2 days of rain have made the blacktop black - hopefully it stays this way until ..........forever (wishful thinking.)
Took the car out for a minor shakedown and to burn in the EBC front pads. I wanted to lean on it hard, but.........I'm old, cautious, nervous..........ok, maybe old, but not the other two
The EBC yellow front pads after getting properly broken in - yup, the car now stops with manual brakes comfortably from 100+. Thanks Dave for the manual conversion!!
I upgraded the Holley software to V2 to be ready for the IO box software (yes I bought one of the 554-165 boxes), and also to have Holley data for the Bosch 210's. The software upgrade went OK (thanks Duke for some guidance), but the injector data swap basically put me at square one with the tune in terms of keeping the rods in the block and straight. So the idea of leaning on it hard went away. I dropped out some timing and worked at getting the fuel table safe.

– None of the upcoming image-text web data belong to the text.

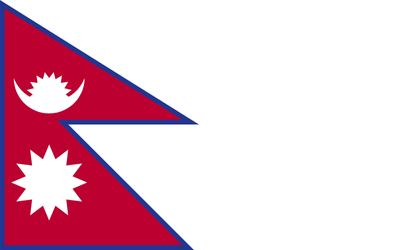 Nepal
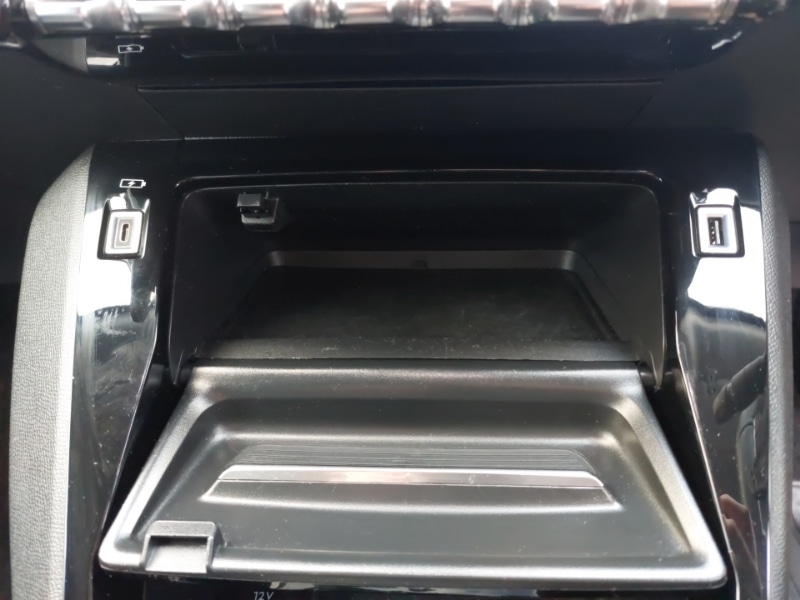 Used Peugeot 2008 2022 for sale - 76860580: Photo 17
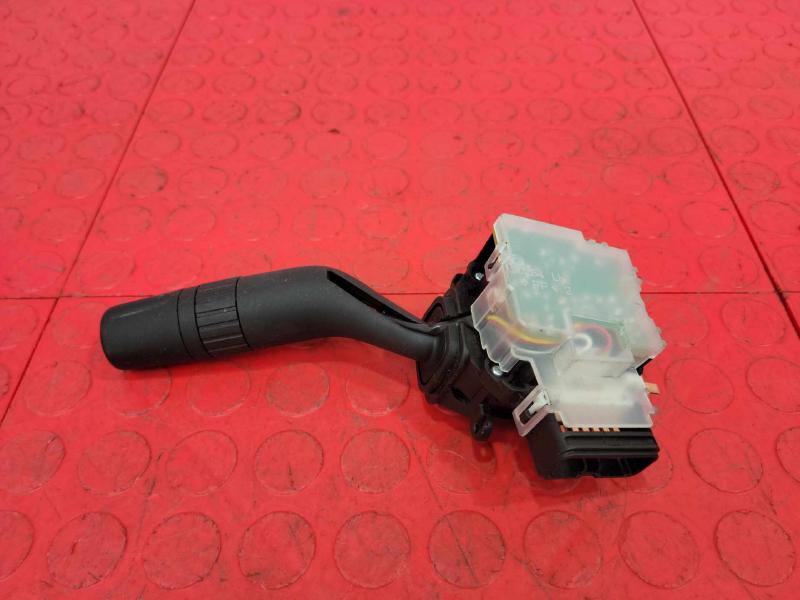 2015 Mazda CX-9 Combination Switch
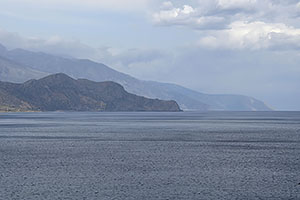 Paleochora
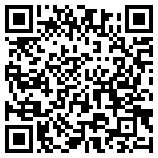 QR Code for Bennett Multiplex Ventures in New Britain, CT 06051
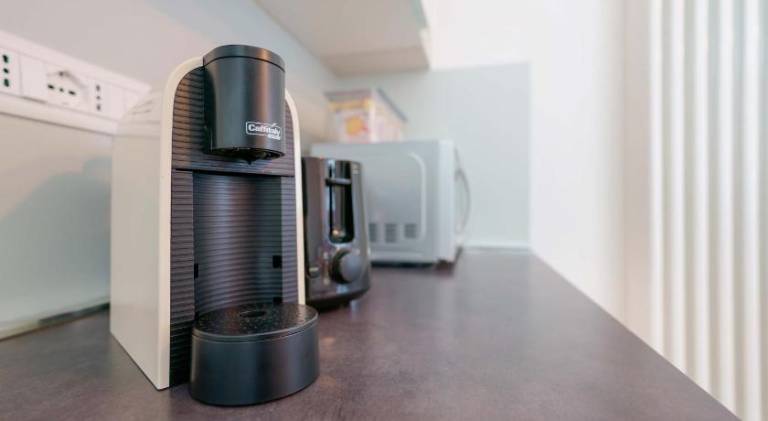 Rental apartment | Near Two Towers — photo 4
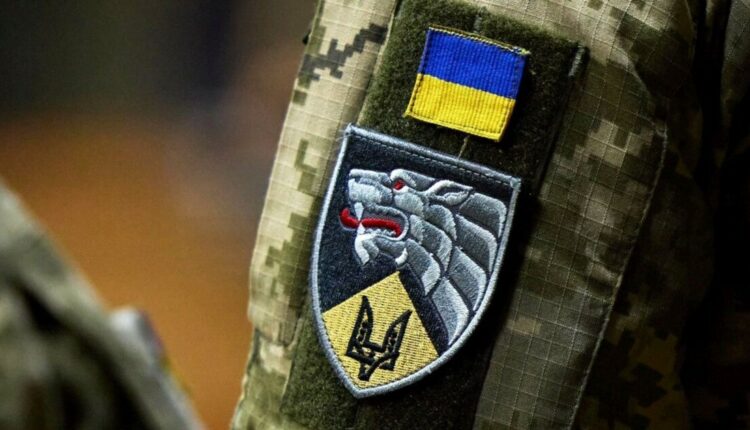 Президент Зеленський переніс святкування Дня Сил спеціальних операцій на 27 травня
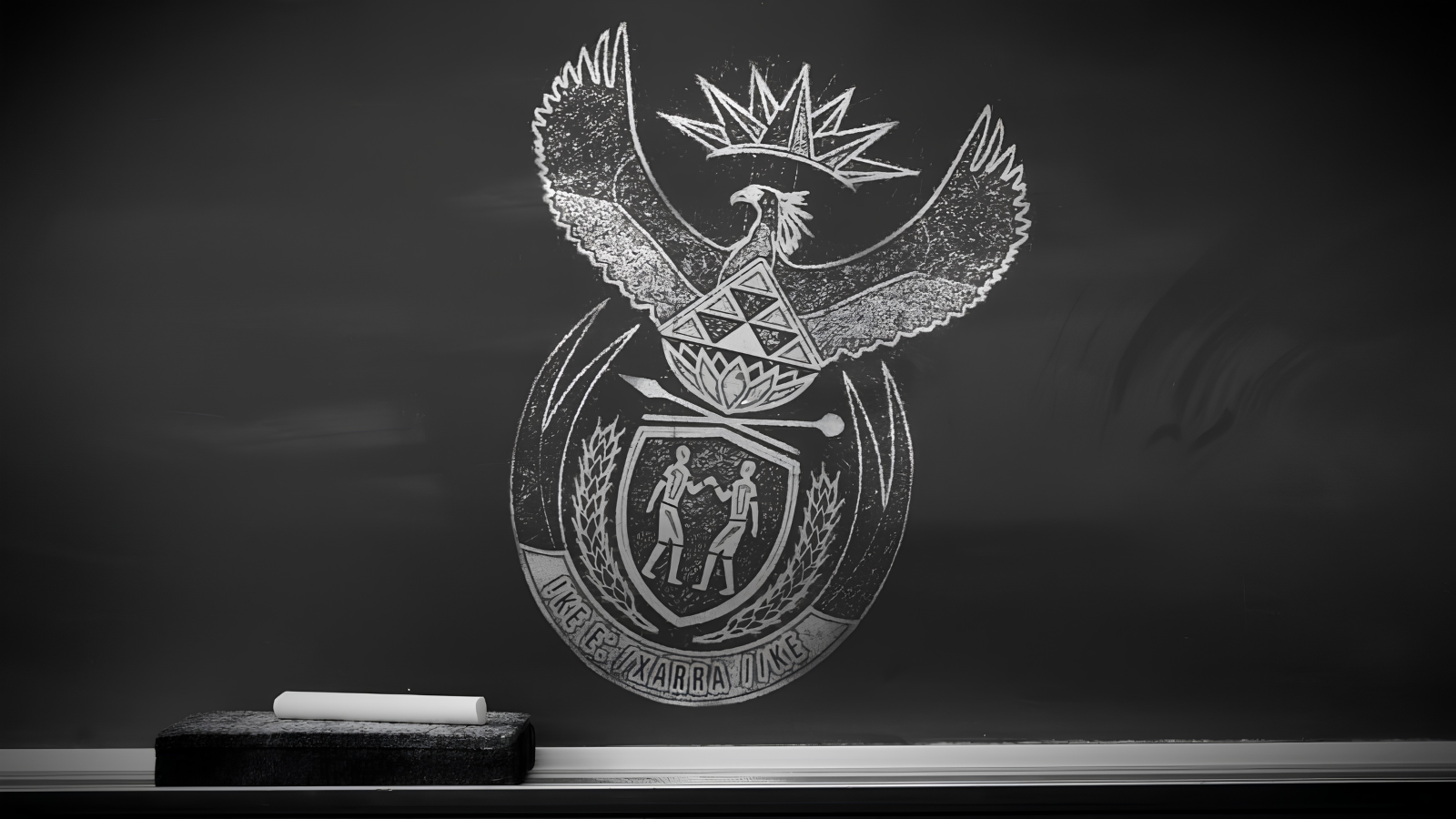 edffae32c7d5c384.png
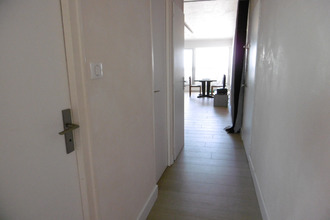  appartement st-hilaire-de-riez 85270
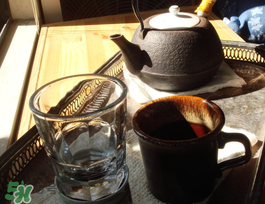 立春后喝什么茶？立春后喝什么茶好？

I succeeded in safe, but not anywhere close to maximum the amount of 'street go'.
I put it to 20 psi a couple of times with the timing in the tank and the AFR fat enough that could see a cloud of unburnt fuel smoke behind me. I saved the datalogs from the two hits and I'm working on them from there. I measured success in driving it home with all rods, bearings and block in tact. After approx 25 miles of driving it on the highway the pump gas driving tune is pretty clean - thank you Holley!! It's insane how fast this system will learn. For a naturally aspirated build this is crazy safe and easy. The atmosphere and a half of pressure is the only thing making it a little tricky, but not too tricky.
I put on the summer tires, MT ET street 255/50R15's and I experienced a minor amount of vibration on one 10-15psi blast. I'm attributing it to never changing the pinion angle after dropping the rear with spring upgrade that I did over the winter that dropped the rear about 1 1/2". The pinion angle presently is about 4 degrees negative (down) from the transmission. 3-5 degrees is what all of the experts recommend, but I've always set everything in the -1 to 0 zero range and never had an issue. The 5409 springs are shorter but a faster spring rate (stiffer). I'm not sure which of those is contributing and I'm sure the fine shock package I have (rusty blue no namer's) isn't contributing :-0 (sarcasm) . I'm going to reset the pinion angle to -1 to 0 zero and see if it has any effect and go from there. I have access to a good set of Bilsteins if the pinion angle change doesn't resolve it.
Hoping for the weather to hold, swap it to straight E85 (E70) and play with the boost control to see what I can break this weekend.